# Ryanair web check in announcement



## Anthony Reid (Jan 1, 2002)

I thought this might be of interest to those travelling abroad.

RYANAIR MAKES WEB CHECK-IN FREE TO REDUCE AIRPORT QUEUES

Web Check-in/Priority Boarding service entirely free 
Airport check-in desk service charged at £2/€3 per person 
All other passengers can purchase priority boarding online 
Ryanair, Europe's largest international airline, today (Friday, 24th August 2007) announced new incentives to encourage passengers to use Ryanair's "Check'N'Go" web check in service, while at the same time discouraging passengers from checking in bags or using airport check in queues. Ryanair's web check-in service will be entirely free and enables passengers travelling with only hand luggage to avoid airport check-in and go straight through security, cutting out the queues and overcrowding which are now commonplace at many airports.

With effect for new bookings made from Thursday, 20th September onwards:

Web check-in will be free for passengers travelling with hand luggage only* and will also include free priority boarding at the departure gate.

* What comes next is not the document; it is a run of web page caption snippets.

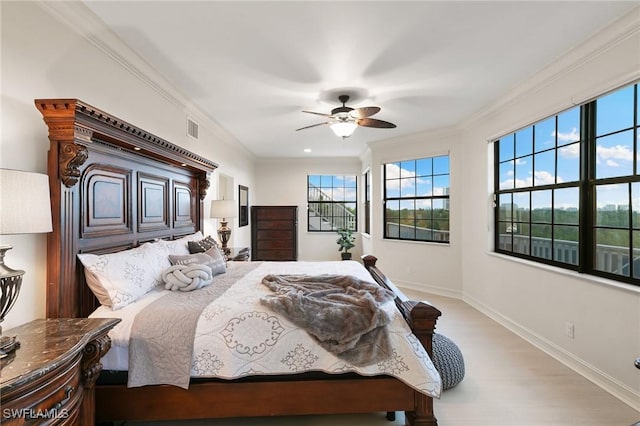 bedroom featuring light wood-style flooring, baseboards, visible vents, a ceiling fan, and ornamental molding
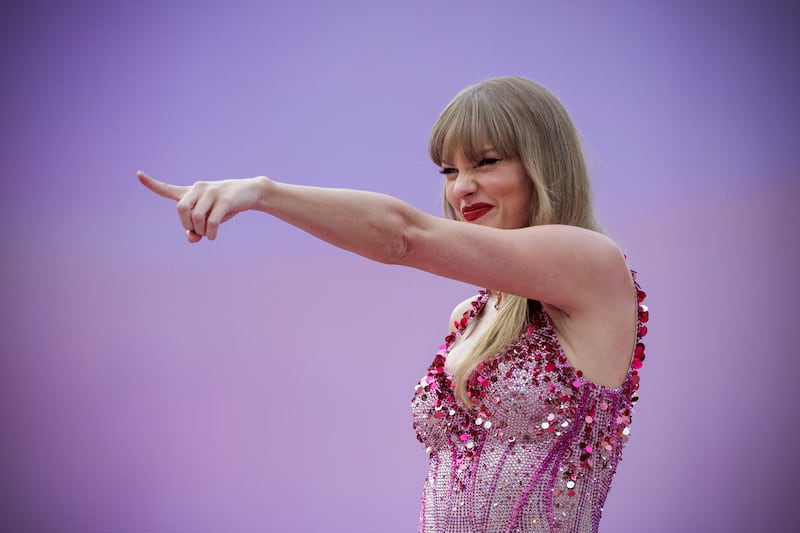 Taylor Swift performing on stage at the Aviva Stadium in Dublin, during the Eras Tour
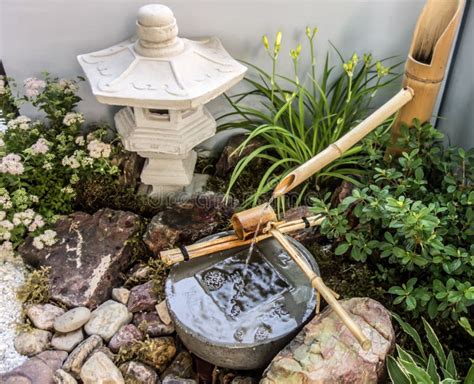 Shishi Odoshi Japanese Bamboo Water Fountain In Zen Garden Stock Photo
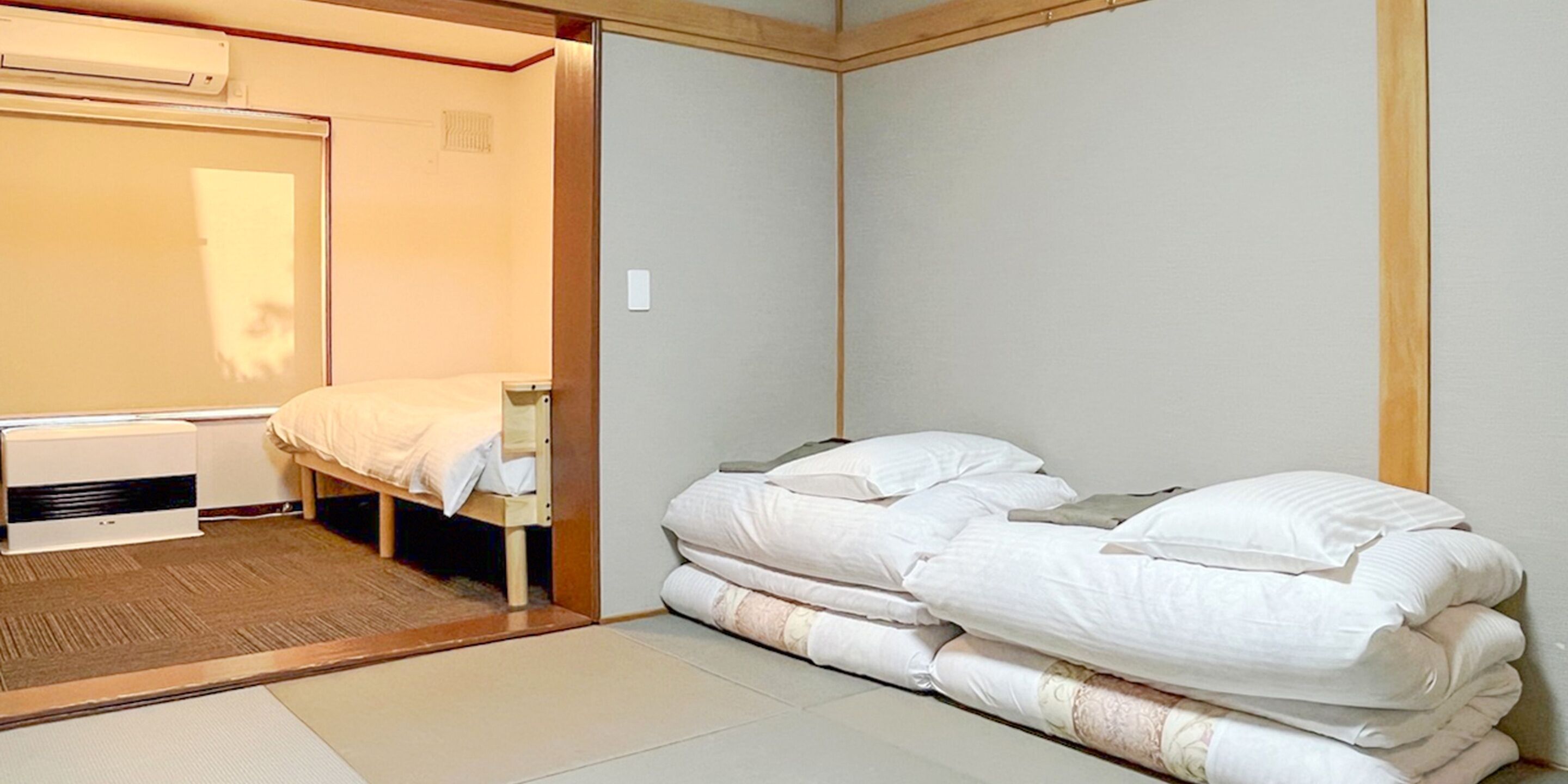 A compact room with a bed, a heater, and a wardrobe.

Passengers who do not avail of free web check-in will be charged £2/€3 for using airport check in facilities

**Priority boarding will be made available for purchase online as well as through the existing sales points - call centres and airports for a fee of £2/€3 per person

Announcing these new incentives for passengers, Ryanair's Peter Sherrard said:

"Ryanair's web check in and priority boarding service has proven very popular among passengers by freeing them from check-in queues and departure gate queues. However clearly charging for this service has acted as a disincentive. We expect that providing this service free of charge (with Ryanair's generous hand baggage allowance of 10 kilos) will significantly increase usage. From the 20th September 2007, all passengers making new reservations on Ryanair.com will have the option to select the free web check-in and priority boarding service. Passengers who wish to travel with checked baggage will be subject to a small fee to reflect the cost of airport check in desk facilities.

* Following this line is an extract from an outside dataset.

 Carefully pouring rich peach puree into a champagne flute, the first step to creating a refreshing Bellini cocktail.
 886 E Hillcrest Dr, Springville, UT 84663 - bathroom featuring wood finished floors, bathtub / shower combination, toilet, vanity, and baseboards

"Also from that date all passengers not using our web check service will be able to purchase our **priority boarding service on Ryanair.com as well as the existing call centre and airport ticket desks. This will make it much easier for passengers, particularly those travelling with families, to purchase our priority boarding service. These new measures will, we believe, encourage more and more passengers to travel without checked in baggage and use Ryanair's free web check-in and priority boarding service. These passengers will do so entirely free of charge, whilst avoiding the check in queues and being among the first to choose their seats onboard. Our web check-in/priority boarding service is undoubtedly the way forward, and with Ryanair's combination of lowest fares, more flights, best punctuality and now, free of charge web check in and priority boarding, passengers have never had a better deal on Ryanair, the world's favourite airline".

*Certain passenger restrictions apply see online check in website for details
** Passengers with special needs who have pre-advised Ryanair of their condition are not required to purchase priority boarding as seats will already be reserved onboard and they will be boarded after general boarding has been completed.


----------



## Suzie (Jan 22, 2004)

Drew and family web check in all the time with ryanair! 

so really helpful to know its free now 

x


----------



## bluebell (Dec 9, 2004)

Thanks Tony !!!!
Bluebell xxxx


----------